Uma vez, vinte anos atrás, eu viajava com Carmem e crianças (estavam na faixa de 10-12 anos) para João Pessoa. Havia uma conexão em São Paulo (Congonhas) com chegada prevista no Recife para as 21 horas. Em São Paulo o negócio começou a atrasar, ninguém dava conta de nada. Lá pelas 20 horas o balcão da Varig informou que o vôo estava cancelado, e quem quisesse poderia apanhar o que saía às 3 da manhã. Foi nessa hora que resolvi levantar a voz.
Um cliente/paciente/usuário levantando a voz é o que menos o prestador de serviço (empresa aérea, consultório, loja, boteco, etc.) quer. Eles fazem tudo para você calar a boca e não “contaminar” a massa tímida. Logo, um chefete me chamou, pediu que eu me acalmasse que a empresa daria um jeito. Fomos colocados em um ótimo hotel, com direito a transporte, e vaga na Primeira-Classe na manhã seguinte. Se eu falasse baixo, tinha dormido no saguão do aeroporto, feito gado.

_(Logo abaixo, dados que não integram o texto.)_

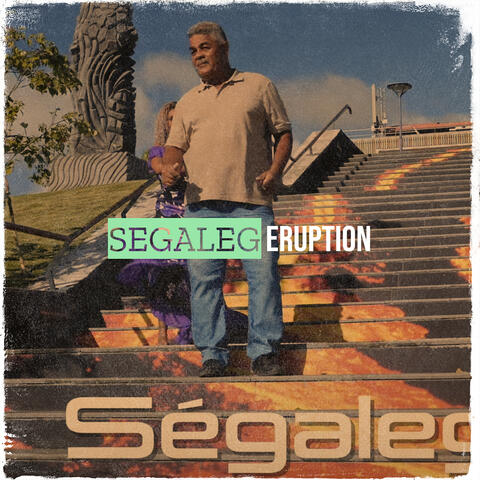 SEGALEG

Recentemente, em Roma, Carmen, minha mulher, esqueceu na bagagem de mão, dois garfos e duas facas de casa, que deveriam ter seguido na mala. Na hora da esteira, os objetos foram detectados. Perguntei à atendente, e ela me fez um gesto de desprezo, apontando para a lixeira. Eu até podia ter posto fora, pois eram talheres comuns, mas o desdém da gringa me botou em ebulição. Com os talheres na mão retornei ao balcão. Não podiam mais ser colocados nas malas, pois estas já haviam sido encaminhadas para o avião. Como a atendente não se mostrou sensível ao meu problema, levantei a voz: “Chiama il duce! Dove stá il duce? Io voglio parlare com lui” (Chama o chefe! Onde está o chefe? Eu quero falar com ele). Foi um corre-corre.
Tudo o que eles não queriam era um passageiro, com sotaque estrangeiro, falando alto. Veio o gerente e mais um cara fantasiado de militar (depois descobri que era o chefe da segurança do aeroporto de Roma). Pediram que eu os acompanhasse a uma sala do primeiro andar. Achei até que iam me prender. Conversamos, gentilmente me serviram café e água mineral, ofereceram charutos, enquanto a secretária fez um pequeno pacote dos meus talheres e me deu o tíquete, possibilitando-me retirá-los em Atenas. Se eu não levanto a voz, tinha perdido a questão.
Nem era pelo valor, mas pelo desaforo.